WHAT IS BEING ASKED
Transcribe every entry word for word, but drop the pictures.

INFORMATION GIVEN
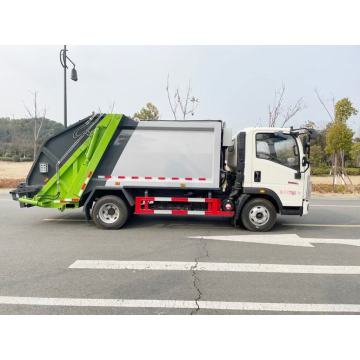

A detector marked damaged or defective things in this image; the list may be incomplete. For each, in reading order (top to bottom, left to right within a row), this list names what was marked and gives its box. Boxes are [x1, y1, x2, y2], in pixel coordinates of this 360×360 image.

road surface crack [190, 242, 210, 316]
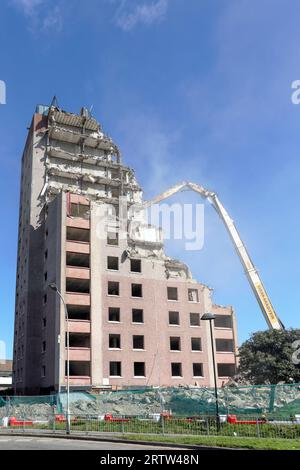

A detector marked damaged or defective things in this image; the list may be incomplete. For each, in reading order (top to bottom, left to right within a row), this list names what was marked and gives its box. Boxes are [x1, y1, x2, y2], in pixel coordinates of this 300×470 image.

damaged facade [13, 103, 239, 392]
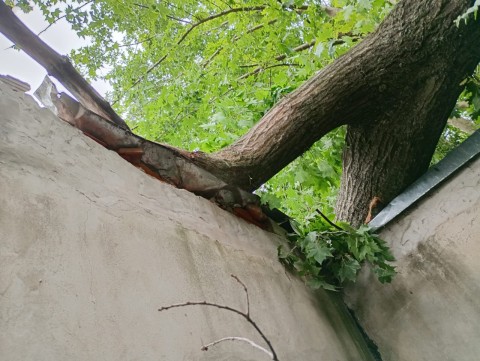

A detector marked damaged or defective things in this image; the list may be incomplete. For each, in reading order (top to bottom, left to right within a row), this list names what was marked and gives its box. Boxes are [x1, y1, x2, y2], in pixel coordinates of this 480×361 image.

broken concrete edge [29, 75, 284, 232]
broken concrete edge [370, 129, 478, 231]
broken roof edge [370, 129, 480, 231]
damaged roof edge [372, 129, 480, 231]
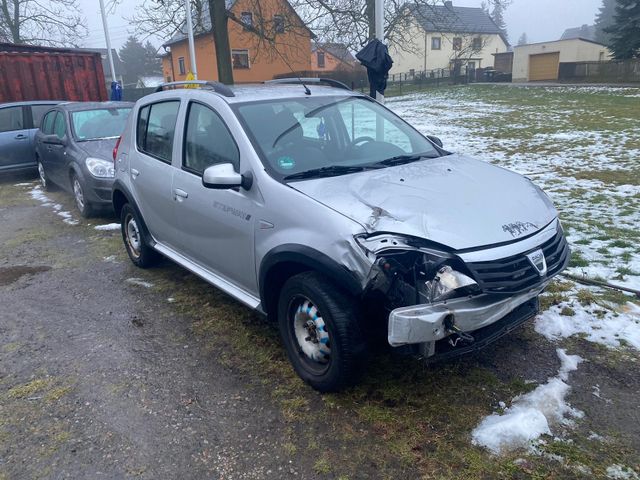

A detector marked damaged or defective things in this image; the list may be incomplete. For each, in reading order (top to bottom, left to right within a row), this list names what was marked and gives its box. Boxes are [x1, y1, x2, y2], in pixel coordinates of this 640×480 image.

damaged silver car [111, 79, 568, 392]
broken headlight [358, 235, 478, 308]
damaged hood [288, 155, 556, 251]
crumpled front bumper [384, 284, 544, 348]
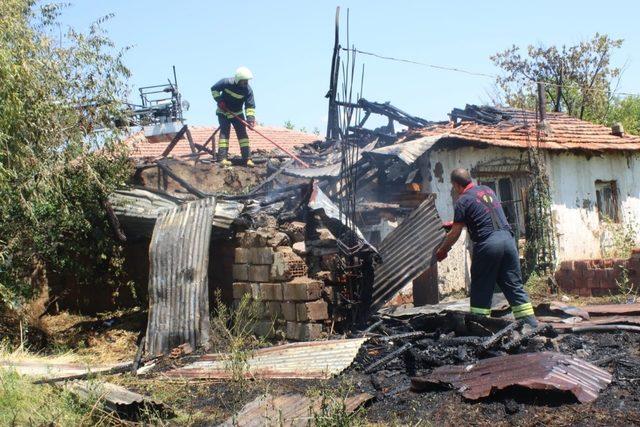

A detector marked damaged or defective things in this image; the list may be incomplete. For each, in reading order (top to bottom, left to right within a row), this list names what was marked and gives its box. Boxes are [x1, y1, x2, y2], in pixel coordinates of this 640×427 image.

burned roof [123, 124, 320, 160]
burned roof [416, 105, 640, 152]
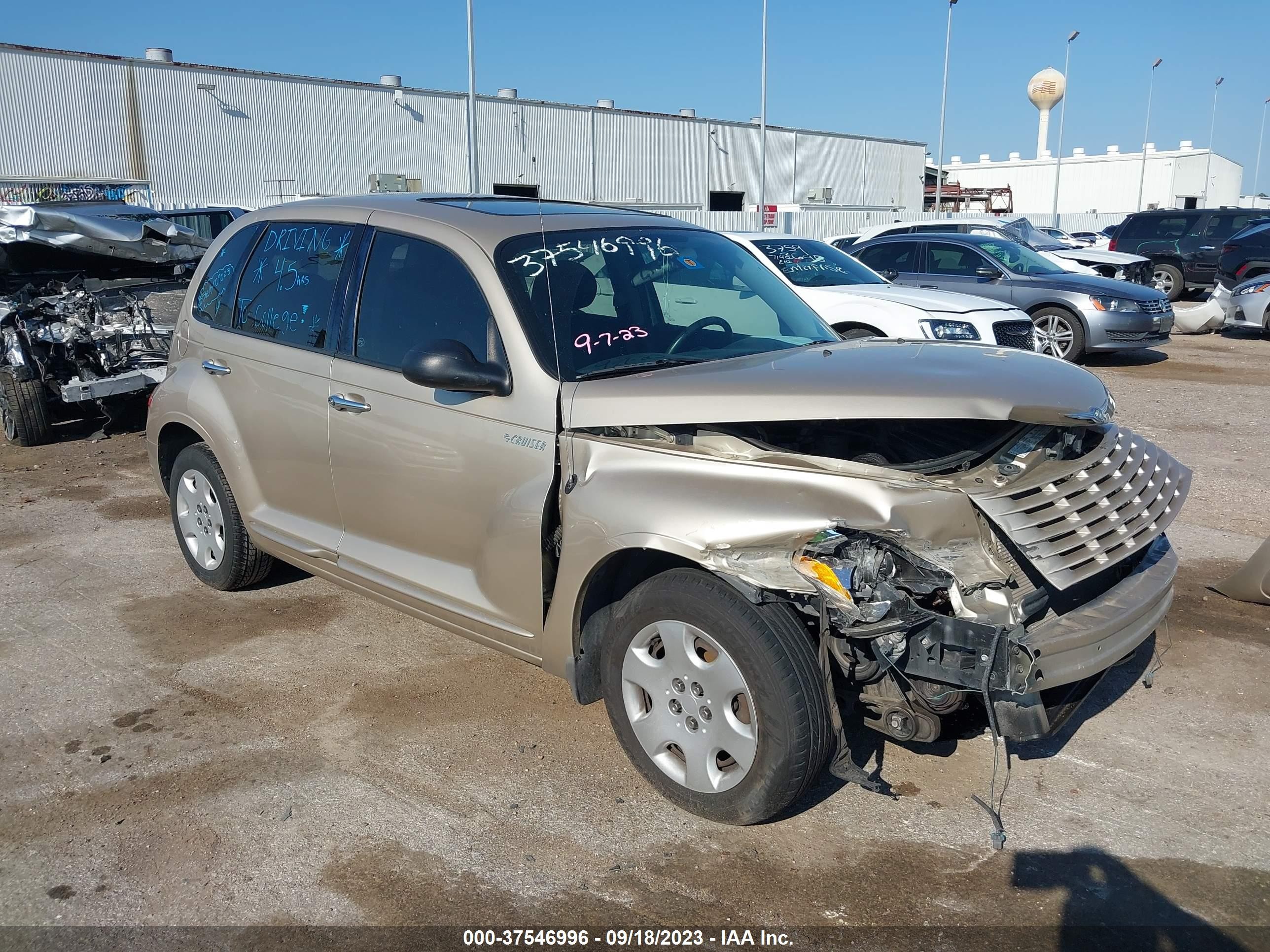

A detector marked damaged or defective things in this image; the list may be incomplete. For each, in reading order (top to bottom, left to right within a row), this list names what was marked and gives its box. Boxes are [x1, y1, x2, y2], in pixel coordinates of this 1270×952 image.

wrecked silver car [1, 202, 206, 446]
damaged car frame [1, 202, 206, 446]
crumpled hood [566, 335, 1112, 424]
crumpled hood [828, 285, 1016, 314]
broken headlight [919, 321, 975, 342]
damaged car frame [148, 195, 1189, 827]
wrecked silver car [148, 198, 1189, 832]
damaged front end [566, 416, 1189, 746]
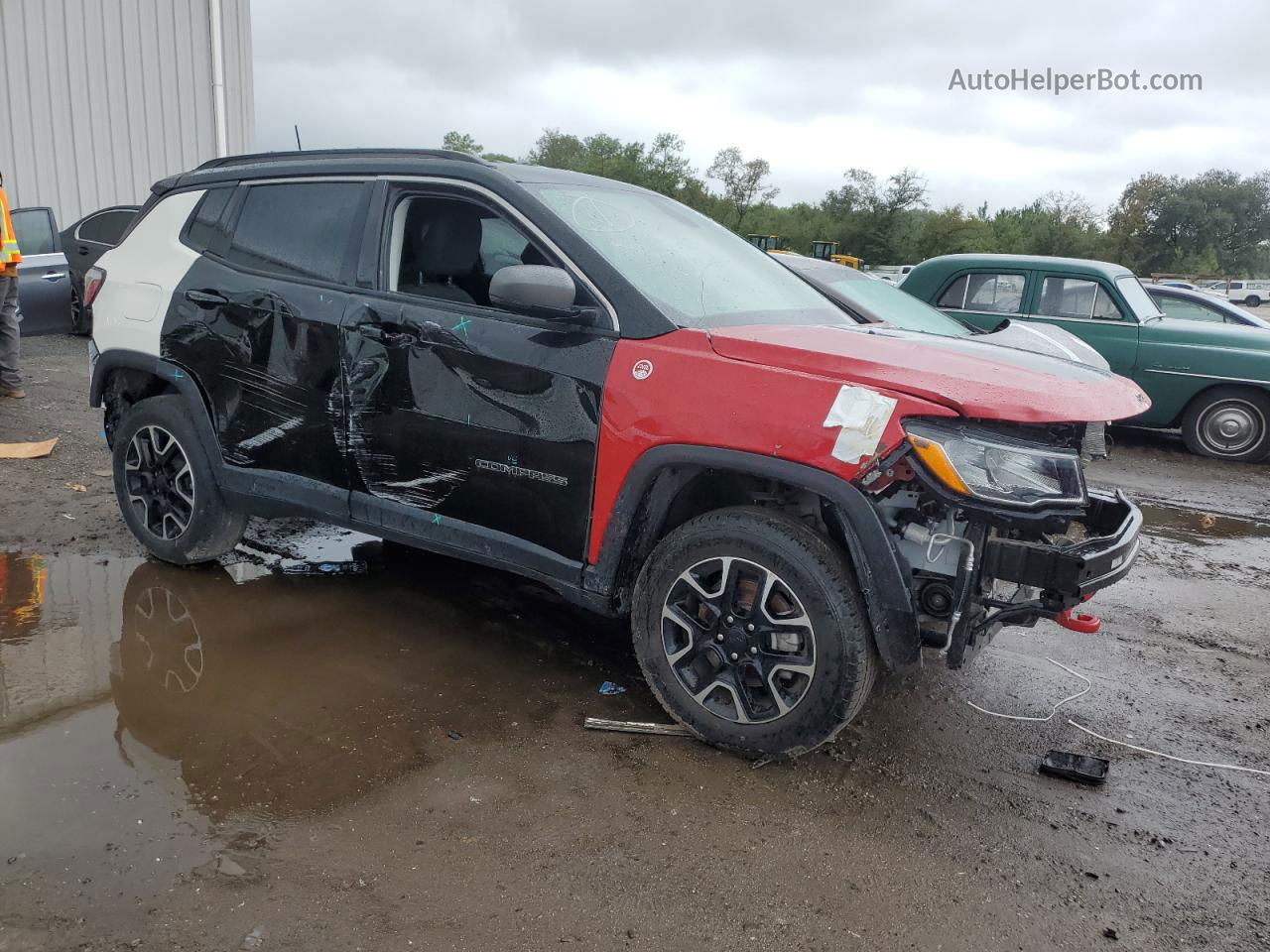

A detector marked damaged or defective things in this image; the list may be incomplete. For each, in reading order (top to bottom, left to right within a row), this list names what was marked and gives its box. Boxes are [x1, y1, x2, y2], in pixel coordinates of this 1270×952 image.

dented door panel [165, 257, 352, 487]
dented door panel [340, 298, 611, 563]
damaged jeep compass suv [84, 149, 1148, 762]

RESPONSE TO THE TASK
A detector marked damaged or defective things in this image; the list may be incomplete. For each, in reading order (top to bottom, left to right within a row), this list names what was marked and gives its box. Boxes are [x1, y1, x2, y2], in pixel coordinates of this 360×360 image.

road surface crack [190, 242, 210, 316]

A detector marked damaged or defective things in this image; the list may be incomplete. For each, in reading order (top to bottom, left to right within a row), this list names what was marked and gives its box. Boxes are [x1, y1, x2, y2], in pixel coordinates of this 300×470 image.

damaged facade [13, 103, 239, 392]

A detector marked damaged or defective things in this image; the list may be incomplete. For each, in reading order (top to bottom, left to right within a row), this list names what was marked and gives its box. Boxes are [x1, y1, x2, y2], in pixel coordinates of this 480×361 image.

broken concrete edge [29, 75, 284, 232]
broken concrete edge [370, 129, 478, 231]
broken roof edge [370, 129, 480, 231]
damaged roof edge [372, 129, 480, 231]

A detector marked damaged or defective things in this image; the list may be incomplete. For each, in reading order (top to bottom, left to right within a row), this list names what was marked and gives its box. Boxes are [x1, y1, x2, y2], in pixel coordinates of this 640×480 image.

damaged silver car [111, 79, 568, 392]
broken headlight [358, 235, 478, 308]
damaged hood [288, 155, 556, 251]
crumpled front bumper [384, 284, 544, 348]

A detector marked damaged or defective things in this image; the list may be incomplete. For each, in reading order (top to bottom, left to right within a row), this list names what was marked and gives its box. Boxes are [x1, y1, x2, y2], in pixel coordinates of this 640×427 image.

burned roof [123, 124, 320, 160]
burned roof [416, 105, 640, 152]

A detector marked damaged or defective things in this image; the list may be incomplete. For each, in reading order (top to bottom, left to right within a row), this list names what was marked and gives its box. Boxes are [x1, y1, x2, y2], in pixel coordinates of this 1270×952 image.

wrecked silver car [1, 202, 206, 446]
damaged car frame [1, 202, 206, 446]
crumpled hood [566, 335, 1112, 424]
crumpled hood [828, 285, 1016, 314]
broken headlight [919, 321, 975, 342]
damaged car frame [148, 195, 1189, 827]
wrecked silver car [148, 198, 1189, 832]
damaged front end [566, 416, 1189, 746]

A detector marked damaged or defective things in this image; the list may be incomplete. For each, in reading order (top to bottom, left to right within a row), this list names what was marked and gives its box. Boxes are [x1, y1, x2, y2], in pixel coordinates of this 1270×952 image.

dented door panel [165, 257, 352, 487]
dented door panel [340, 298, 611, 563]
damaged jeep compass suv [84, 149, 1148, 762]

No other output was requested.